A FINAL AND PERSONAL PRINCIPLE by Sean Cavanaugh

A FINAL AND PERSONAL PRINCIPLE by Sean Cavanaugh

Connor’s room had big windows and blinds with strings that touched the floor, and which were always drifting unevenly, a little to the left or to the right, halfway up or basically closed, but always open slightly because of an interceding object or a crease in the PVC, so the sunlight was partial and unfulfilled. There were a few old trophies on his dresser and a fishbowl, forever bubbling, with two statuettes and a little red beta. In front of the bed was a large TV, and to the side was a small leather couch where he’d sit with his friend Neil. Tonight, Neil brought Girl Scout cookies. He said they were selling them off of a table outside the Stop & Shop, that there was a Salvation Army guy, but he didn’t stand a chance. “Cookies,” he said. Then he laughed. Connor asked if he’d seen anything good lately, and he said, “Different Chinese movies.” He said I’ll show you later, then they got into the cookies, which they ate thoughtlessly and with little dialogue, and which they finished in a few minutes. Fuck, they said.

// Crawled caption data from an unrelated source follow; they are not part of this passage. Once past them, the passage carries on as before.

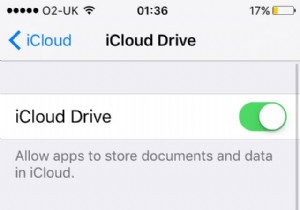 Wi-FiやパソコンなしでiPhoneをバックアップする方法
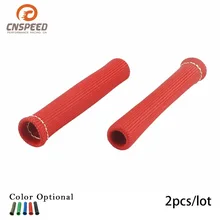 Автомобильный модифицированный защитный рукав провода зажигания черный/красный/синий/зеленый/Титан различные цвета стиль провода зажигания оболочка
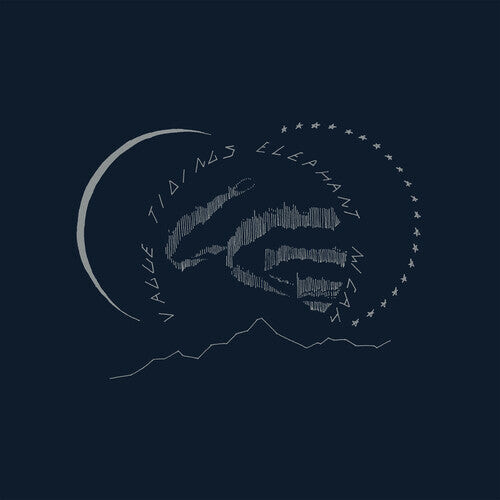 

CD диск Elephant Micah: Vague Tidings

Neil asked if they could step onto the balcony for a smoke, then they did. The snow made things look matted out and finished. Connor’s backyard, really his dad’s backyard, had a bunch of evergreens in a circle in one corner, and whenever it snowed, it looked like they were guarding something obscure. He never mentioned it, but he actually did trudge to the trees one winter, not even when he was that young, to lie in the middle and look up. It was generative, like resting on the stigma of a big white flower, and he decided then that something could enter his life and change him from the inside. He said he liked the snow in their town, and Neil said it snowed other places, too. After they finished, Neil washed his hands and Connor didn’t, and they sat on the couch and watched a movie that Neil had in mind, one he thought they’d both like.

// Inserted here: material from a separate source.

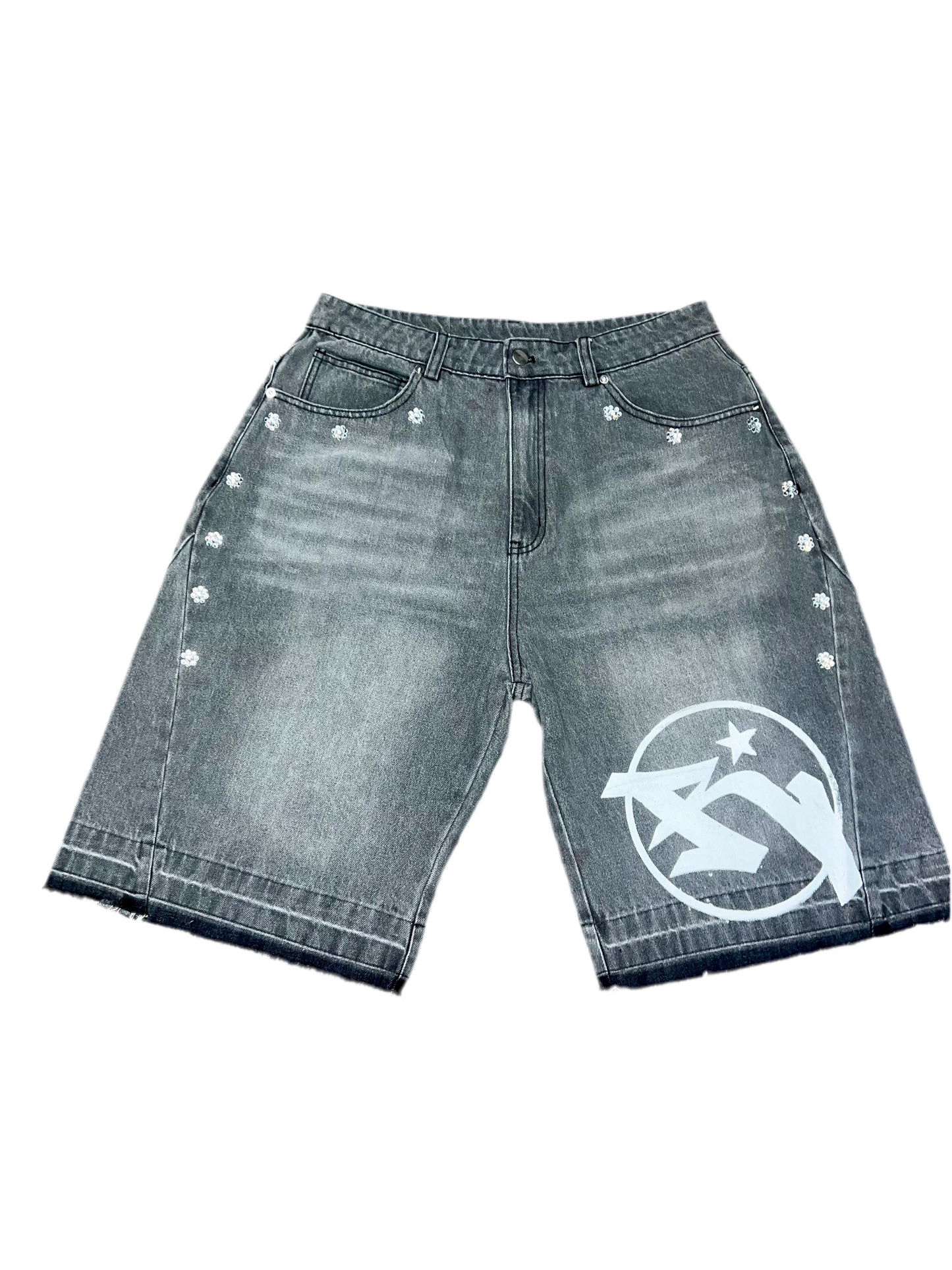 RAЯE “Smith & Wesson” V2 Jorts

Neil picked the movie for the same reason he always did: because he had stronger opinions about movies and, though neither acknowledged it, because he had a forceful way with his friend, a tendency to assert himself that didn’t show up elsewhere in his life. At one point, Connor noticed that he’d been tracking his time with Neil’s obsessions, like a mnemonic device—That happened when he was into Gundam, so I was working at Bagel One. The phases lasted about two years and revolved around movies, games, books, shows, anything that he could consume at night then go on his phone and read the context, build taxonomies. Privately, Neil was acting in total earnest, driven by a zeal for the new and a desire for knowledge, deep and wide. Connor understood that, and tried his best to engage with his friend’s interests, even to the point of occasional revelation, but he didn’t like feeling coerced.

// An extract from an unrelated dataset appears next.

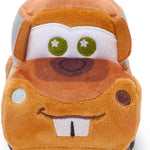 Disney Store Official Cars Wishables Shimmer Series - Disney Blind Box Plush - 5 Inch Mystery Toys with Detailed Micro Plush Sculpting, Embroidered Stars & Accents (Contains 1 Mystery Plushy)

Tonight’s movie, for instance, was a Taiwanese actioner from the 1960s, and Neil spent the runtime explaining the Republic of China and the significance of the tropes used, eventually settling into a low-volume prattle of actors’ names and their other famous roles. Connor talked too, making jokes about the costumes and references to other movies, and Neil would grunt in assent or bob his head left and right, indicating a contention. They ate snacks from downstairs and hit Connor’s dab pen, and for long stretches, they just enjoyed the movie. At one point something happened, and Connor said holy shit, and Neil said fuck, I know. Neil had been worried to see how the night would go and was surprised to be laughing as much as he was. He thought Connor seemed better than usual: he’d been very distant lately, and he’d never been good with his phone. It was stressful to know that if Connor was mad, he’d never say it—he’d just leave. 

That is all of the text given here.